Your goal:
Pictures aside, copy exactly the lines running from the one with "Santic Byron Integrated" to the end of the records.

(Web page caption snippets)
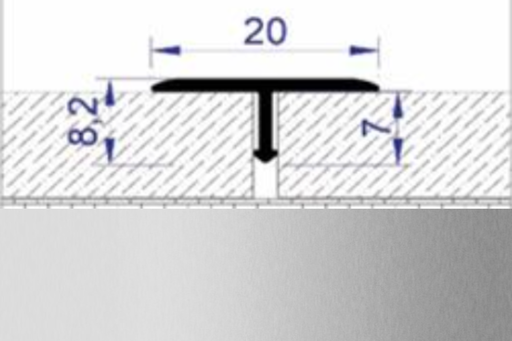 T залгаа MK-T20 matt silver PH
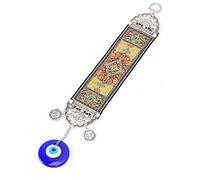 Decorazione turca per la casa, decorazione d'interni Decorazione turca Evil Eye Decor fatta a mano per la casa per l'ufficio per l'auto(Cerchio dorato)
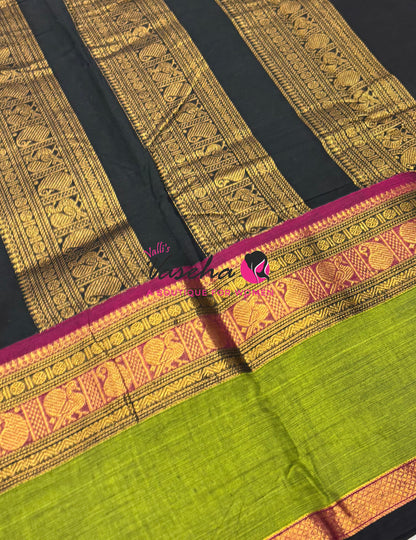 Kanchi Cotton Saree - VVKCS025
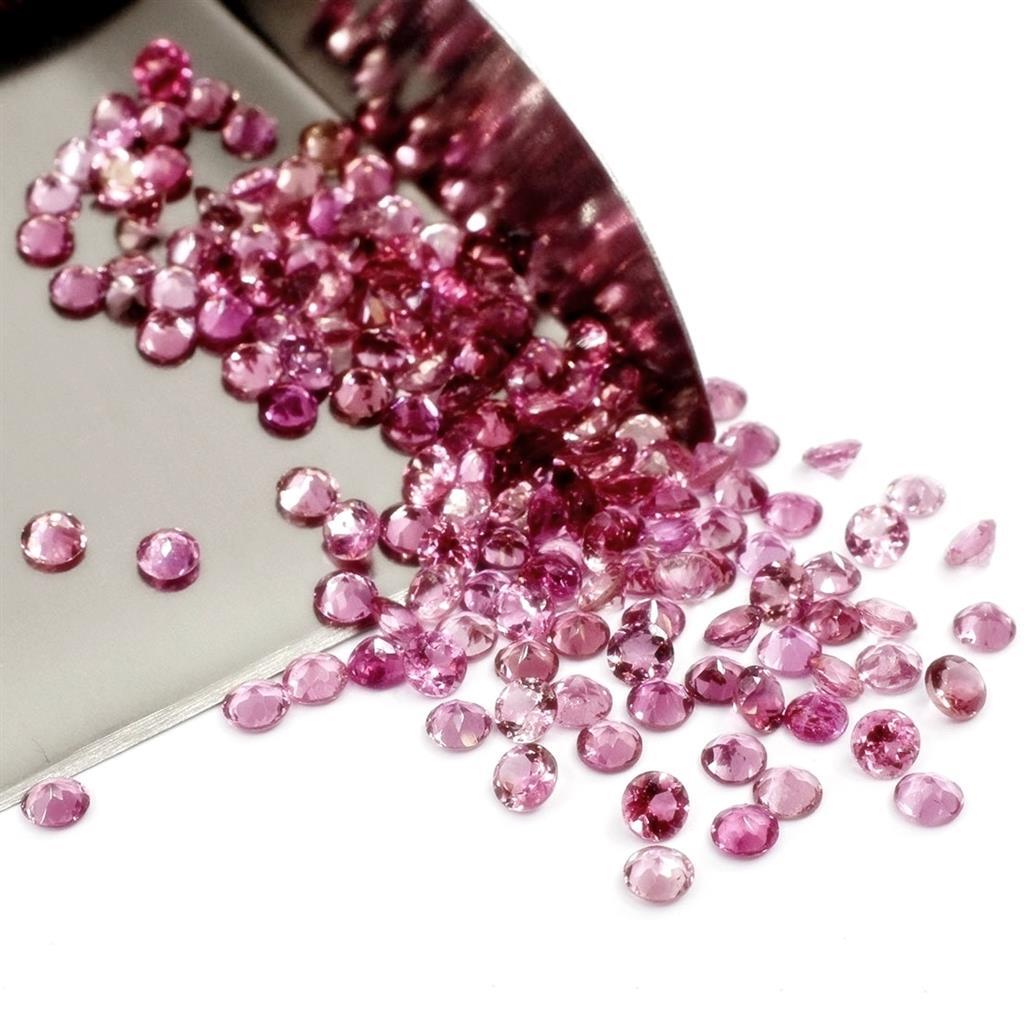 Wholesale Lot 3mm to 4mm Round Natural Pink Tourmaline Loose Calibrated Gemstone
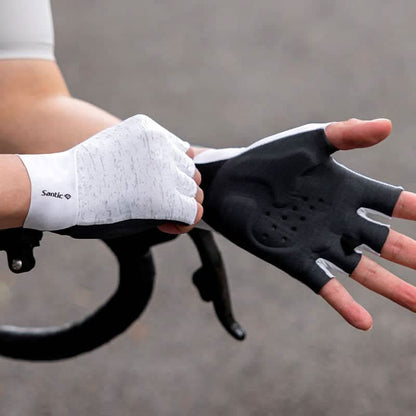 Santic Byron Integrated Reflective Gloves santiccycling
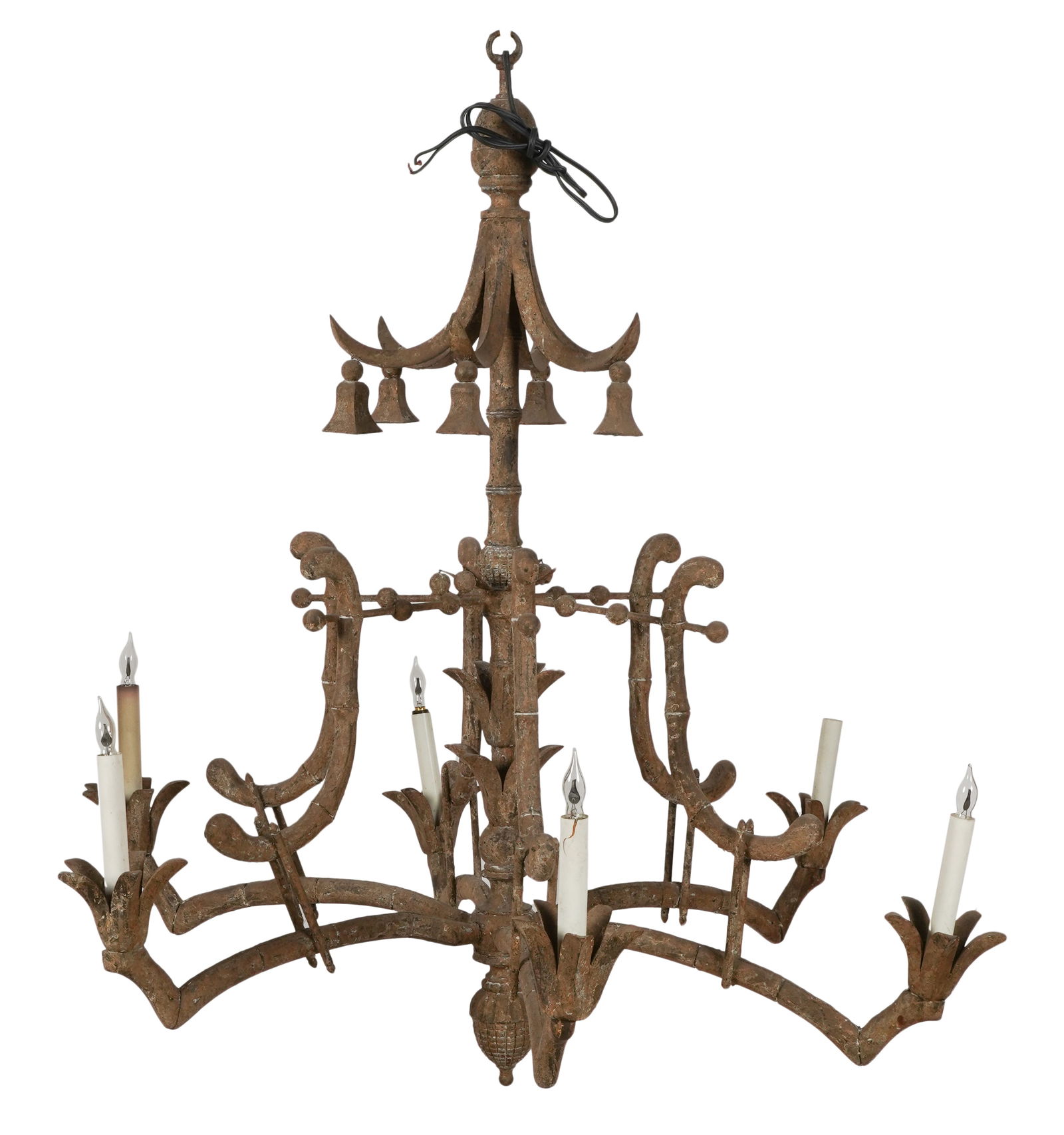 Chinoiserie Faux Bamboo Chandelier (1 of 10)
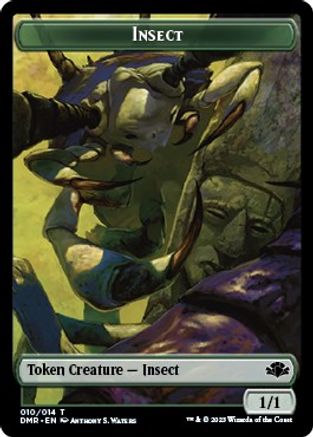 Insect // Elemental Double-Sided Token (DMR-10 // 6) [Dominaria Remastered] Foil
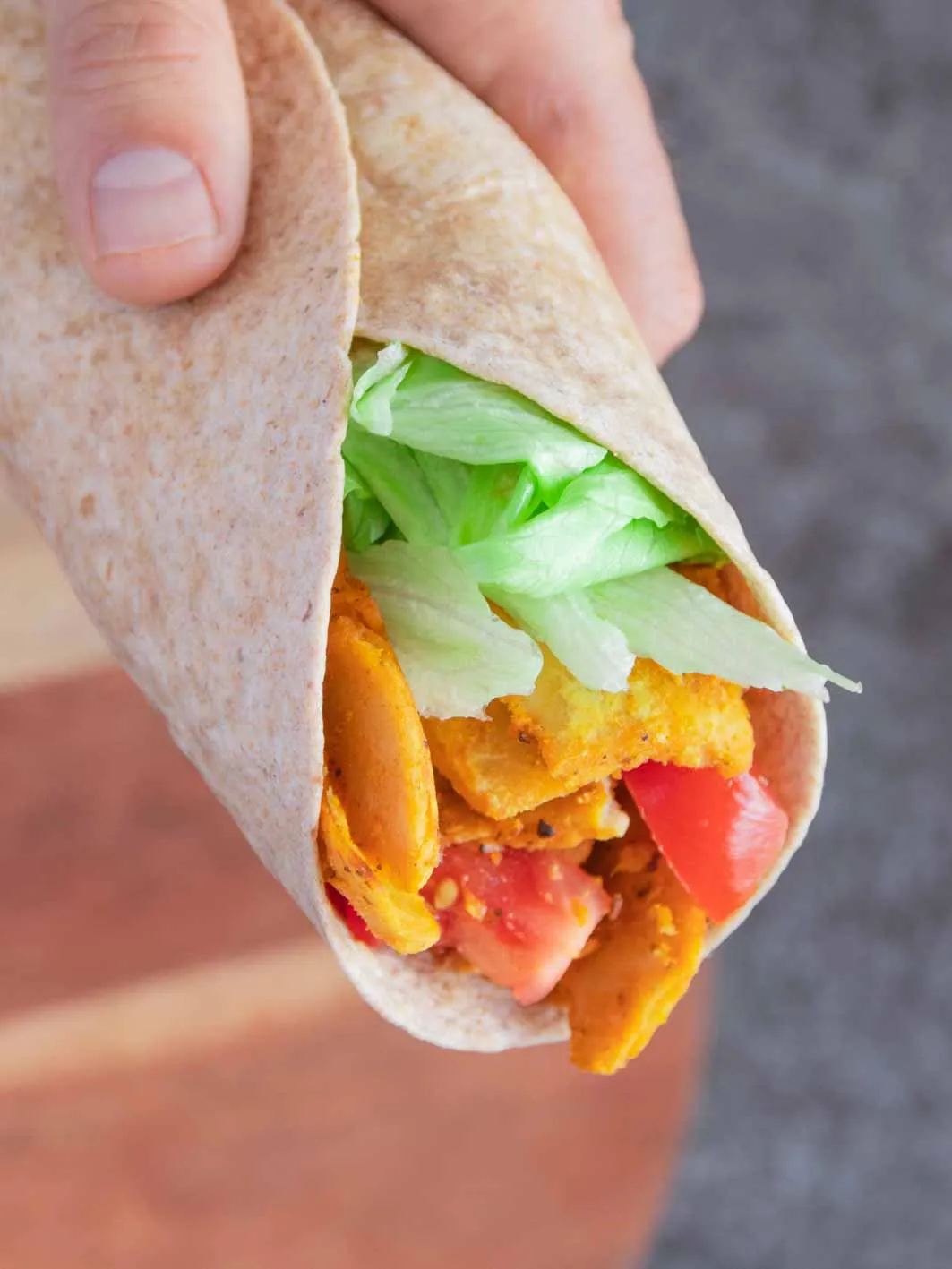 Essen zum Mitnehmen - Wrap Rezept vegetarisch mit Feta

Answer area:
 Santic Byron Integrated Reflective Gloves santiccycling
 Chinoiserie Faux Bamboo Chandelier (1 of 10)
 Insect // Elemental Double-Sided Token (DMR-10 // 6) [Dominaria Remastered] Foil
 Essen zum Mitnehmen - Wrap Rezept vegetarisch mit Feta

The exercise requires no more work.